This is an attempt to model a simplified part of the replication system of MongoDB in TLA+.
Spec
MongoDB secondaries pull oplogs from any nodes that have more up-to-date oplogs, which is different than the push model in Raft. This spec models the gossip protocol with two synchronized actions: AppendOplog and RollbackOplog.

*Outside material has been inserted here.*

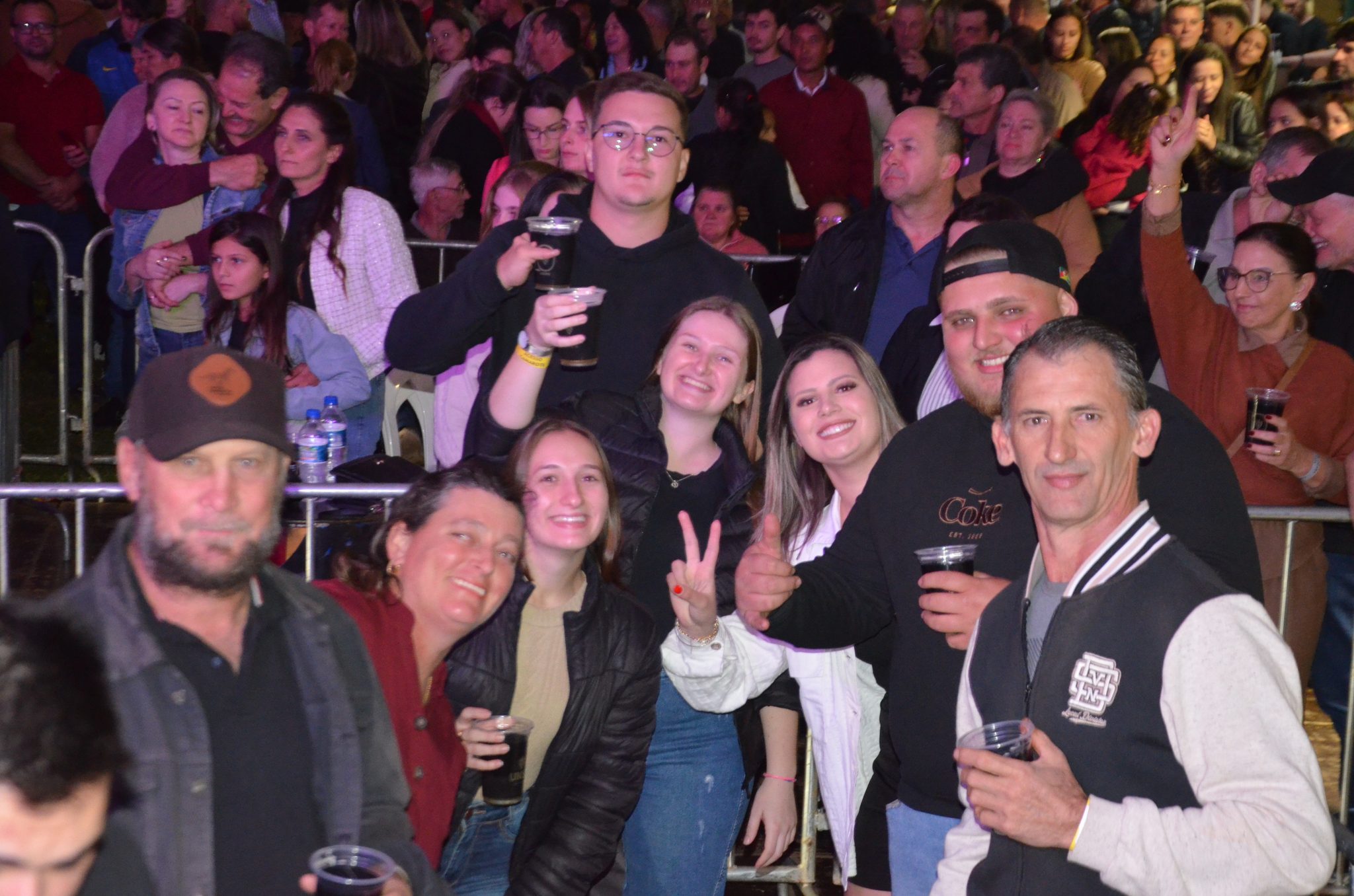 ExpoCaiçara - Sexta-Feira, 15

The spec also simplifies the election protocol. Every election will succeed in one shot, including sending and replying vote requests and learning the new term.
Model Checking
I have successfully run model checker on the spec with a small model including:
- 3 nodes (symmetrical model value)
- Term up to 3
- Number of logs up to 10
State constraint:
/\ \forall i \in Server: globalCurrentTerm <= 3
/\ \forall i \in Server: Len(log[i]) <= 10
Invarients to check:
- NeverRollbackCommitted
The model checker generates 7778 distinct states and passes.
Play with the Spec
To play with the spec, you may comment out Line 112 in RollbackCommitted action, which specifies that an oplog entry replicated to the majority nodes only in the current term can be considered as "committed". Otherwise, secondaries syncing from the the old primary will report the commit level to the old primary even though they have voted for the new primary. This differs from the Raft protocol. In Raft, voting for a new primary implies not accepting any logs from old leaders.

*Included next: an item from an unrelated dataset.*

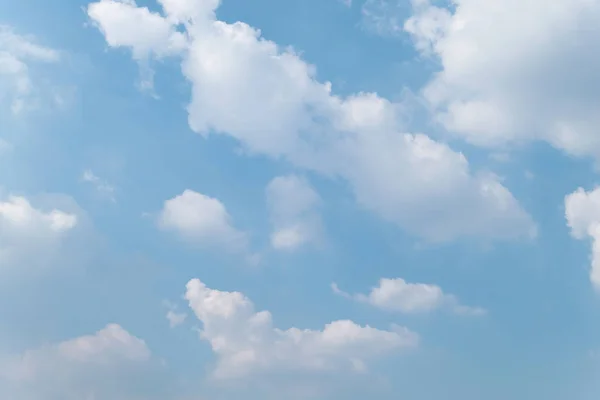 Blauer Himmel Hintergrund Mit Weißen Wolken — Stockfoto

Commenting out Line 112 will cause the model checker to fail, giving a simple concrete failure case.
- Node 1 becomes the primary in term 2 and writes [index: 1, term: 2] to its oplog.

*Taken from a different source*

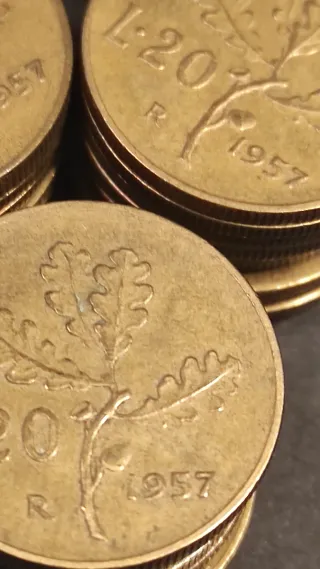 N. 70 Monete da 20 Lire italiane , anno 1957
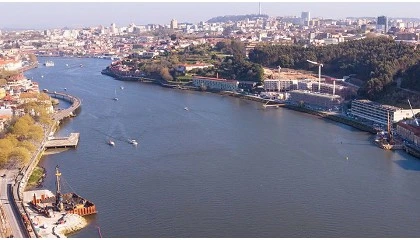 Foto de Perfuradoras rotativas Liebherr executam a funda��o da ponte que ligar� Porto a Vila Nova de Gaia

- Node 3 wins an election in term 3 without the oplog on Node 1 and writes [index: 1, term: 3].
- Node 2 replicates [index: 1, term: 2] from Node 1, making this oplog entry replicated on the majority nodes, but it will be rolled back after syncing from Node 3.
Conclusion
We have found the exact same issue in MongoDB code. SERVER-22136 tracks the fix to notify the old primary of the new term. We've never encountered this issue in testing or in the field and only found it by reasoning about the edge cases. This shows writing and model checking TLA+ specs is an excellent alternative way to find and verify edge cases.